Dave Zollinger Saves Some for Posterity
The sight of thousands of acres of fertile San Joaquin Valley farmland disappearing under housing tracts and shopping malls each year spurred Dave Zollinger to do something about it. The long-time member of Blue Diamond® and board member has seen what happens with "indiscriminate urban sprawl." He grew up in the San Fernando Valley during the 1940s and remembers it as a beautiful area of orange groves that was "a wonderful place to live." Then came the post-war housing boom that replaced the orange groves with suburbs, malls and air pollution.
Seeing an onrushing tide of development sweeping the Central Valley in recent years, most notably in his own neighborhood south of Delhi, Zollinger had no desire to repeat his southern California experience. He chose to make a stand…a statement…to preserve a piece of prime farmland for posterity. A partnership among state and federal agencies, Merced County, the Merced County Farmland and Open Space Trust, and American Farmland Trust (AFT) made it possible for him to sell an agricultural conservation easement on his 74-acre ranch. Conservation easements offer landowners flexibility in estate planning while keeping prime farmland in continuous agricultural use.
"This was an opportunity to conserve the land, to maintain it in a way that urban sprawl couldn't overtake it," he said. "It makes me feel good to know that this land will be farmed forever."
Zollinger received $368 thousand for the easement. In return, his land - now planted to almonds, peaches and walnuts - may not be used for anything other than farming or agriculturally related businesses. If he sells the property, future owners would be subject to the same restrictions.
The payment may seem like a lot of money, Zollinger says, but it's much less than he could earn from it if he waited ten years to develop it. But maximizing his return on the property wasn't his intent, he explains: "I've spent many years putting this farm together from scratch - planting trees, building up the soil, and fine-tuning the irrigation system. It gives me great comfort to know that these peach and almond orchards will be available for future generations of farmers, rather than becoming another subdivision."
Funds for the purchase of the easement came from the state's Farmland Conservancy Program and the U.S.D.A.'s Farmland Protection Program. The AFT arranged the financing and ensures the agreement is carried out.
Zollinger's is one of just a few agricultural conservation easements in the San Joaquin Valley, according to AFT. The program is new, but the AFT has another dozen or so projects underway.
Not just any piece of farmland meets the program's goals, however. AFT seeks to protect prime farmland threatened by a city's growth and to direct growth with the placement of easements. The Central Valley offers plenty of candidates. According to AFT, the valley is the most threatened major land resource area in the United States because of its high agricultural productivity, high crop value, and severe threat of population growth.

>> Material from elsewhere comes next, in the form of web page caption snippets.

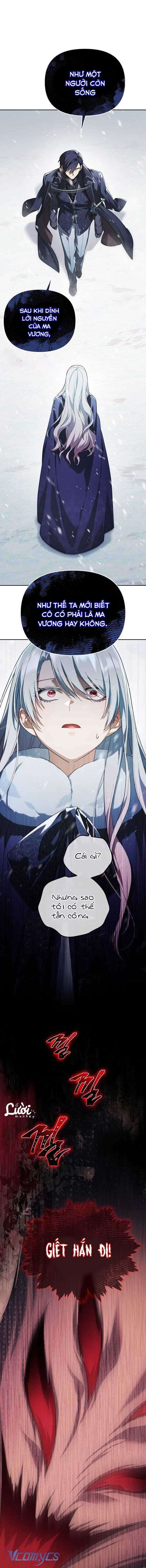 Tôi Sẽ Trở Thành Quỷ Vương Cấp 999 Chap 8 - Next Chap 9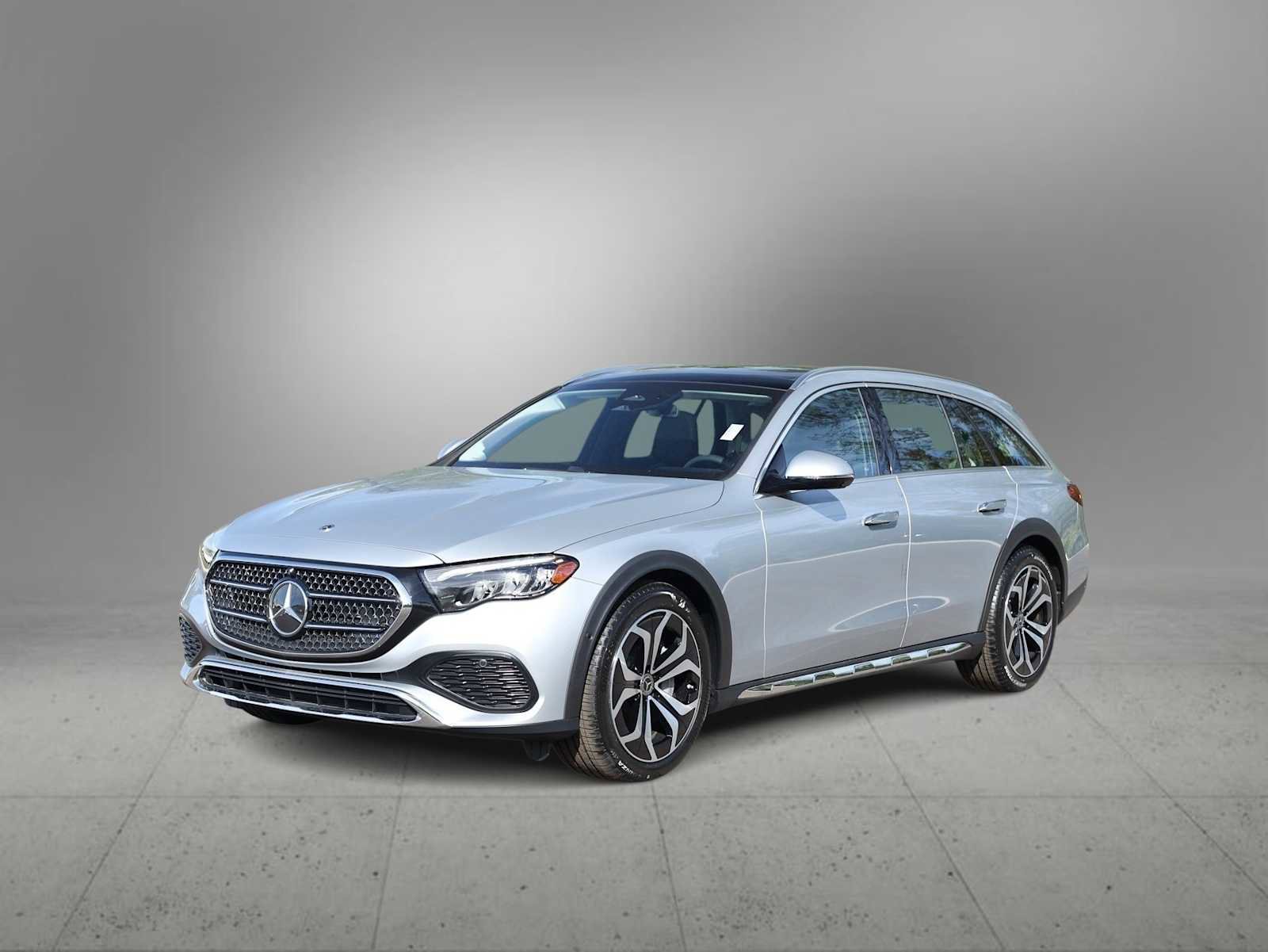 New 2025 Mercedes-Benz E 450 4MATIC All-Terrain Wagon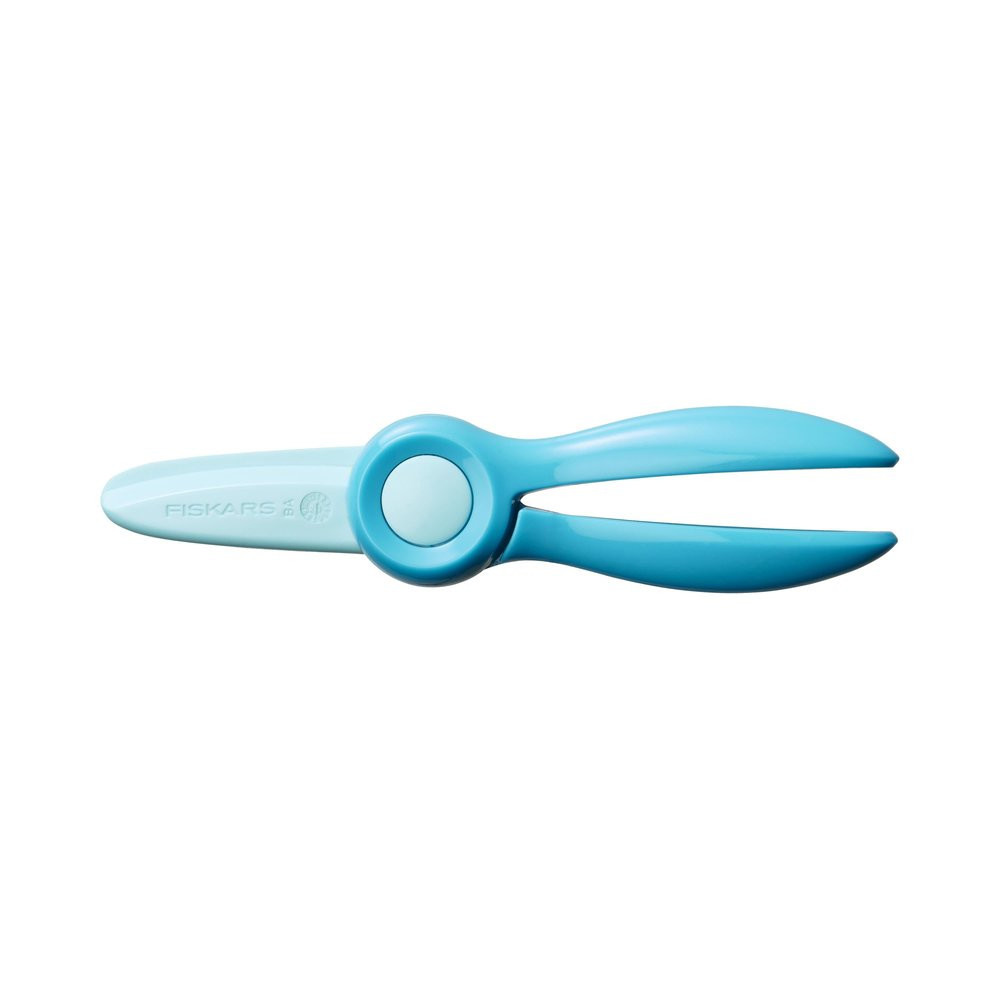 Fiskars Premiers ciseaux pour enfants à partir de lames en plastique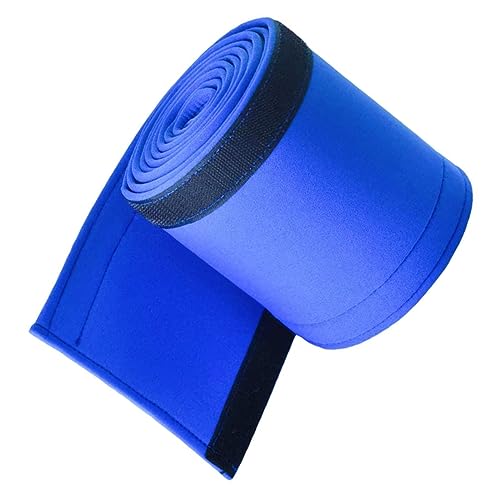 Abaodam Neopren Pool Handlauf Abdeckung Rutschfest Einstellbar Schwimmbad Handlauf Schutz Für Senioren Und Behinderte Uv-schutz Und Anti-rutsch-design von Abaodam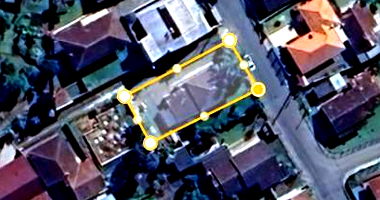 Terreno com Casa Residencial em Rio Negrinho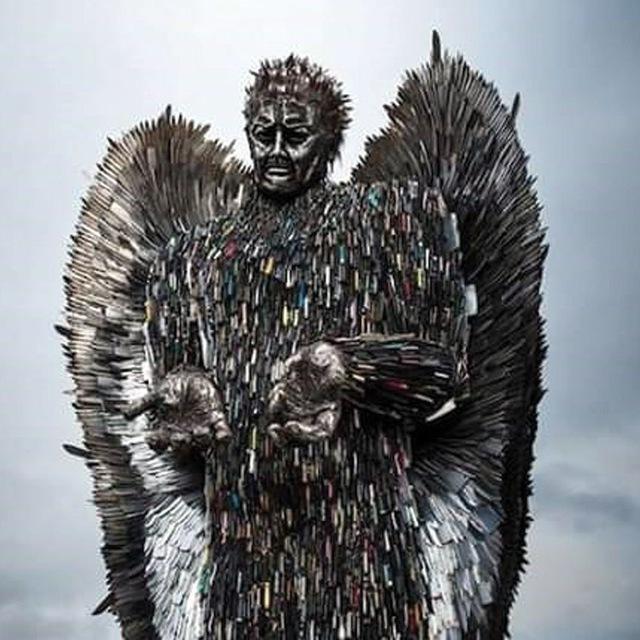 Knife Angel UA 🇺🇦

In Merced County, AFT hopes Zollinger's easement will anchor a line of similar easements on the south side of Delhi, creating a boundary of permanently protected farmland. They will have to move quickly. In the 32 years that Zollinger has been farming there, Delhi has grown from practically nothing to eight thousand people, with the most recent four thousand arriving in just the last few years. At the moment, growth is heading north, but that could change over night, he notes.
"We hope that other farmers in Merced County follow Mr. Zollinger's lead and join in this effort to prevent further urban encroachment onto the high-quality farmland along the Merced River," said Greg Clark, AFT northern San Joaquin Valley field representative.